Once on set, however, Lewis realized he had to be much more restrained. The result is a performance of steely, banked-down intensity where one look conveys more than an entire page of dialogue. He says that, paradoxically, he learnt a lot from what Winters did not tell him.

“During the filming, I spoke to Winters constantly on the phone. But he’s not given to revealing himself. It was quite difficult to unlock him – but that was instructive, because how little he chose to reveal was illuminating about how to play him. As with any enigmatic hero, the acting challenge is: how do you make stillness, economy with words and the tiniest emotional shifts interesting? Playing Winters, your parameters are limited. You aren’t going to see him laughing maniacally or crying hysterically. His emotional band is so narrow – it’s all short-wave.”

After a while depicting this emotional reserve, Lewis was forced to remind himself “that you have been cast because the producers have seen something interesting in your eyes.

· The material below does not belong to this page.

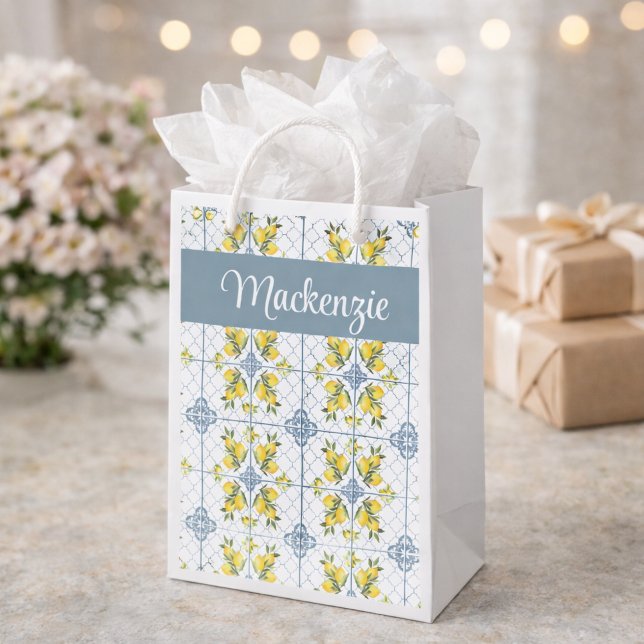Blue Tile French Country Lemon Name Monogram Small Gift Bag (Creator Uploaded)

But you still have to remain disciplined. If you seem inscrutable, then when the briefest hint of sadness flickers in you eye, it registers hugely. “I concentrated on being watchful and listening. That’s what makes Robert De Niro so fascinating as an actor. You really feel he is listening to the other actor. It was hard because in real life I’m bad at listening – I’m much better at talking! Of course, there were times as Winters when I was dying to burst out. I was thinking, ‘I need histrionics here – can I tap dance?’ But the skill comes in knowing when the tap dance is needed, and with Winters there is no tap dance.”

For all that, Lewis’s magnetic performance looks set to launch him into the Hollywood big time. He has certainly caught the eye of Hanks, who was greatly taken by his fellow actor’s sheer presence on screen, Hanks recollects that during the auditions, “We were looking for an enigmatic leader, a guy you can’t explain, but who explains himself by his mere presence. And in that case, you’re looking for something chromosomal. You’re looking for someone with a certain air about him that comes across even before he opens his mouth, and Damian had that without question. As soon as he sat down, we knew.”

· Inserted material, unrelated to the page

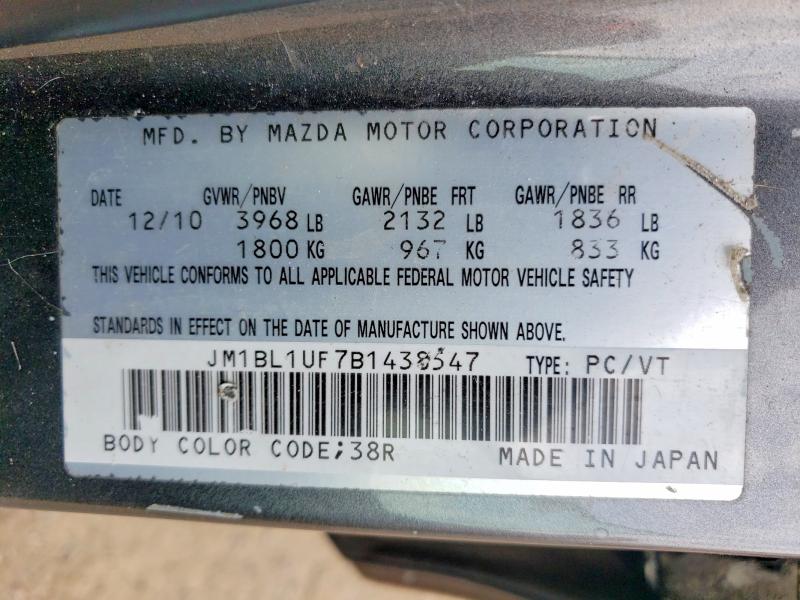 Aukcja sprzedaży 2011 Mazda 3, vin: JM1BL1UF7B1438547, numer aukcji: 49273806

Winters has nothing but praise for Band of Brothers, which is effectively a ten-hour account of his company’s war. “It catches it all very accurately,” he confirms. “The script is based on the book by Stephen E. Ambrose, and I have the greatest respect for him because he is painstaking in his research.

“He went over and over every fact, so the final version of his book is one hundred per cent accurate. He spent a week with me taking down my story, and afterwards he would ring me up all the time, asking, ‘Have I got this bit right?’ He was absolutely adamant about accuracy.

“In the same way, the drama is very fair. I can’t see anything wrong with it. The general feeling among the veterans is that it is a good effort. It really has done justice to the soldiers.”

Even so, watching Band of Brothers is a poignant experience for Winters. The drama can only bring back memories of colleagues long departed, and he is obviously moved by seeing it for the first time at the premiere.

He concludes with a look of deep sadness in his eyes: “There is not a day goes by when I do not think about the men who did not get to enjoy the world without war.”